# Try it:
An exact copy of the data below is needed; please leave out any pictures.

[Collected material Boundary: Start]

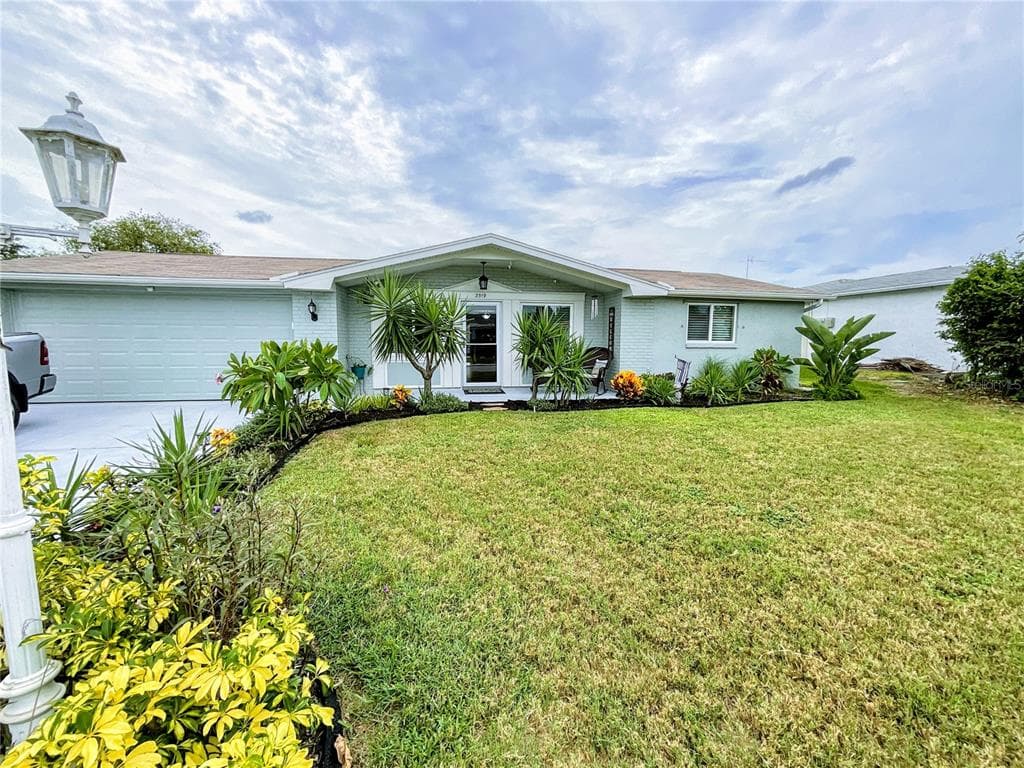 3519 WARBLER DRIVE NEW PORT RICHEY, FL 34652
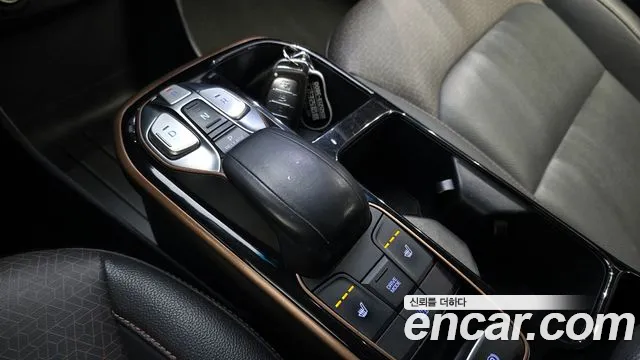 Hyundai Ioniq 2019 — фото 12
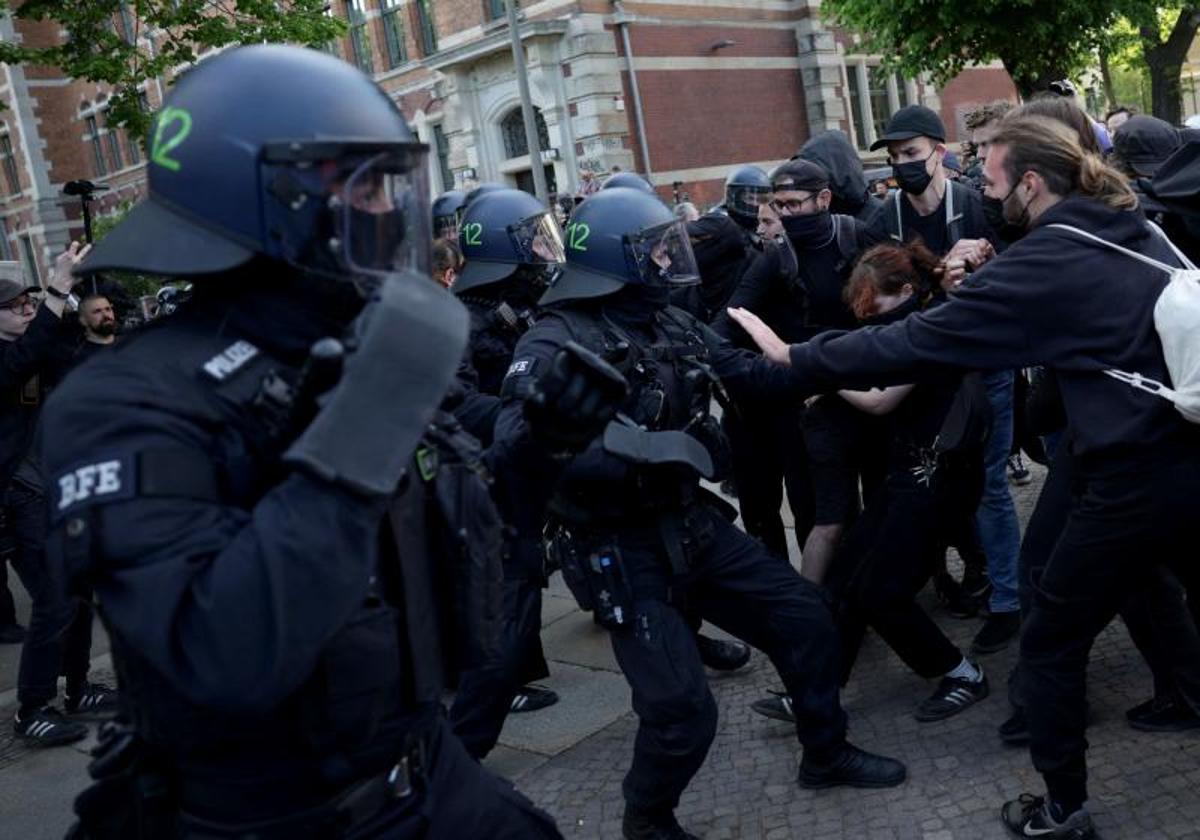 Los cuerpos antidisturbios cargan contra un grupo de manifestantes.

[Collected material Boundary: End]

# Task response:
 3519 WARBLER DRIVE NEW PORT RICHEY, FL 34652
 Hyundai Ioniq 2019 — фото 12
 Los cuerpos antidisturbios cargan contra un grupo de manifestantes.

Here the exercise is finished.